Results 1 to 4 of 4
  1. #1
    Join Date
    Dec 2010

    Default Venue Forced Individual Client to Abandon Contract with Vendor

    My question involves defamation in the state of: Texas

    A little bit of background information (and I apologize in advance for being long-winded). We own a local DJ and MC company that provides entertainment and event coordination in the Houston Metropolitan area. Collectively, the major talent of this company has been servicing this area for almost 13 years. For the last three years, we were the vendor of choice at the venue mentioned below.

    The Issue:

    The relationship with the owner of the catering company (who was also the unofficial management of the venue) became bitter (most likely due to personal reasons). However, we were able to easily continue providing services to all clients related to the venue with virtually zero interference.

    On October 24th, 2010 we were completing an even when the owner of the catering company handed over a letter & verbally stated "You have been served". The letter was on the catering company's letterhead and stated the following:

    It is unfortunate that our professional relationship must come to an end. Effective immediately (name of catering company) and (name of venue) will no longer require your contracted services.

    In addition, understand that (name of catering company) and (name of venue) are registered company names and are solely owned. Any use of these names by you or anyone working with or for you is prohibited. These names may only be used if prior written consent is obtained from (owner of catering company) or (owner of venue). This includes but is not limited to advertisement, postings, blogs, photos, etc.

    Effective immediately, (employee) and (employee) are no longer welcome on the property of (address) for any reason. Any attempt to gain access without specific authorization by me or (owner of venue) will be viewed as a violation and reported to the proper authorities.

    Owner of catering company

    Cc: Sheriffs Dept
    Cc: Police Dept
    Cc: Owner of Venue

    To be quite honest; I have no idea (absolutely none) why we were handed this letter. We and the owner of the catering company had done business together for a very long time. We are an extremely professional company with the customers interests in mind (after all, we are in the business of creating the most pleasantly memorable experience).

    In response to what is written in the letter:

    Para. 1 we do not provide services to either of the companies (venue, nor caterer), we provide services on an individual contract basis.

    Para. 2 All references to the venue were removed from our website.

    Para. 3 The persons listed have not returned to the property.

    When asked why the two people listed in the letter were no longer welcomed, she said it was because of an email sent calling names; however, we never did such a thing. It is believed this relationship came to an end because we would no longer provide free/discounted services to the catering company's friends and family.

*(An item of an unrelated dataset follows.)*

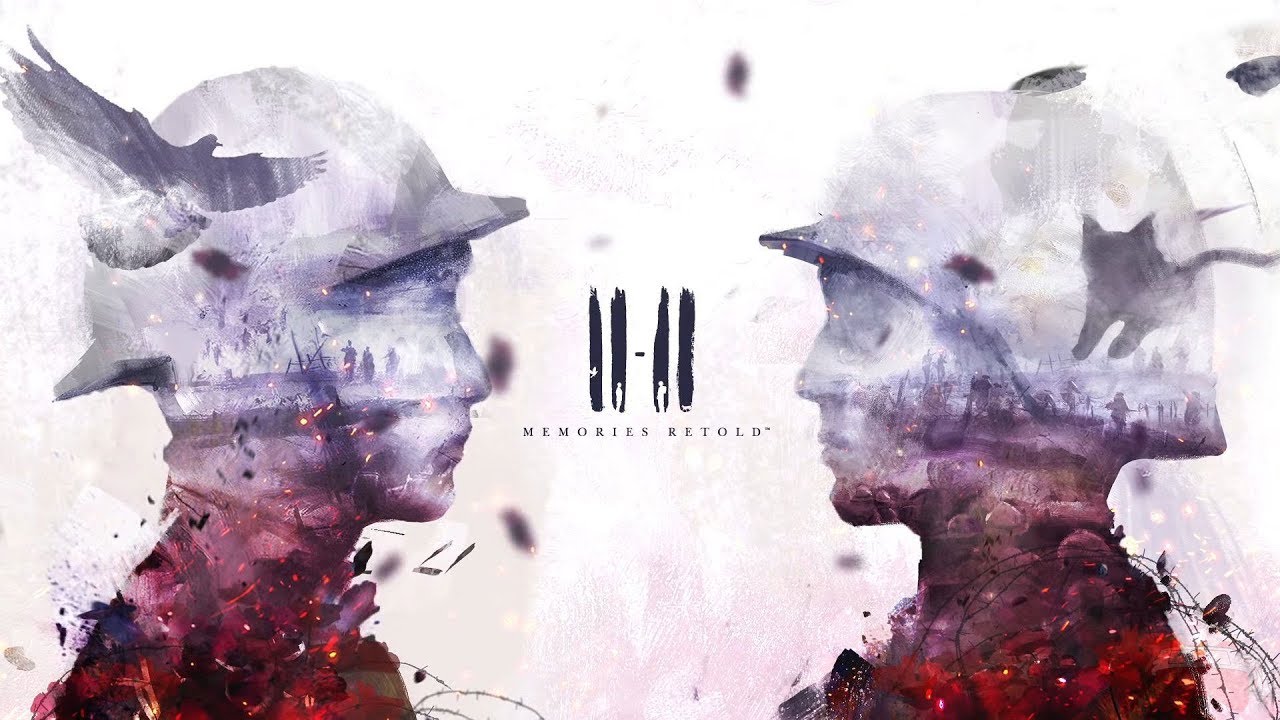 11-11 Memories Retold - All 7 endings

    Regardless, the fact that we were no longer welcomed did not bother us too much. It was stated by us that it was indeed unfortunate that the business relationship had come to this, and noted that the letter and manner in which it was served was not legal (as I now understand; one must have a verifiable history of criminal activity before one can successfully obtain a trespassing restraining order. This was no order, it was a notice). We have every intention of honoring their request and the two people mentioned in the letter would no longer step foot on the property.

    Now it is mid December, and in the usual manner in which we contact our clients to finalize details, we contact a client who is booked at the a fore mentioned venue for a January 15th event. Not a problem, as we have other event professionals fully qualified to fulfill the contract (that are not listed in the letter). Then again, we are told by the client that their event has been canceled. We informed the client that we were sorry their event had been canceled; however, they are under contract and that a cancellation would incur fees as agreed to in our contract. To which the client responded, "Just to clarify - our event has not been entirely canceled. We were simply notified by (event venue) that we unfortunately could no longer use (our company)"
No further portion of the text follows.